The lines to repeat are those below from the one containing "失业金打到社保卡里怎么取出来" down to the one containing "sheeting. Colored head.", both included; reproduce them exactly and nothing else.

(DATA FOR ANALYSIS Opens)

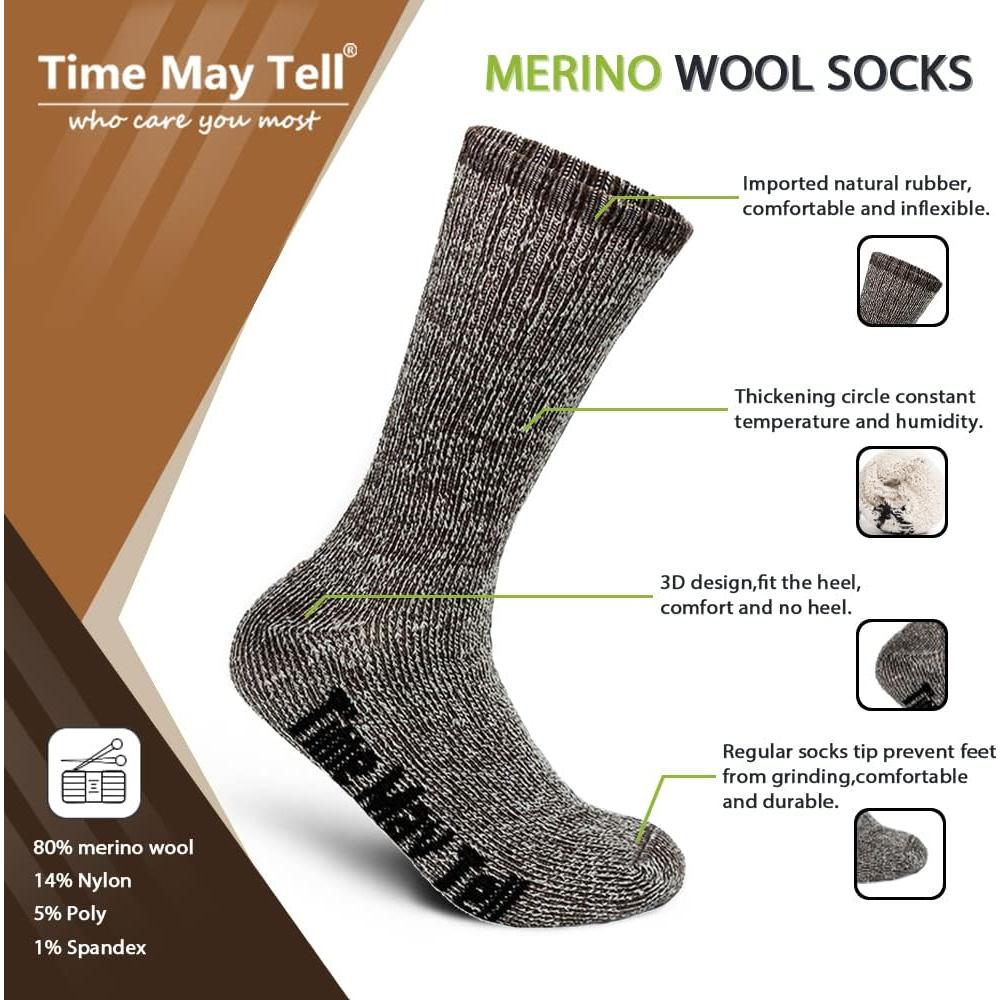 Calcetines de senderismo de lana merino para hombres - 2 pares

(DATA FOR ANALYSIS Closes)
(DATA FOR ANALYSIS Opens)

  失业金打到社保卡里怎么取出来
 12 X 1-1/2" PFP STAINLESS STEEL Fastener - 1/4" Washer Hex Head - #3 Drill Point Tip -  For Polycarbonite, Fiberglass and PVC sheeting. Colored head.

(DATA FOR ANALYSIS Closes)

## RESPONSE AREA
  失业金打到社保卡里怎么取出来
 12 X 1-1/2" PFP STAINLESS STEEL Fastener - 1/4" Washer Hex Head - #3 Drill Point Tip -  For Polycarbonite, Fiberglass and PVC sheeting. Colored head.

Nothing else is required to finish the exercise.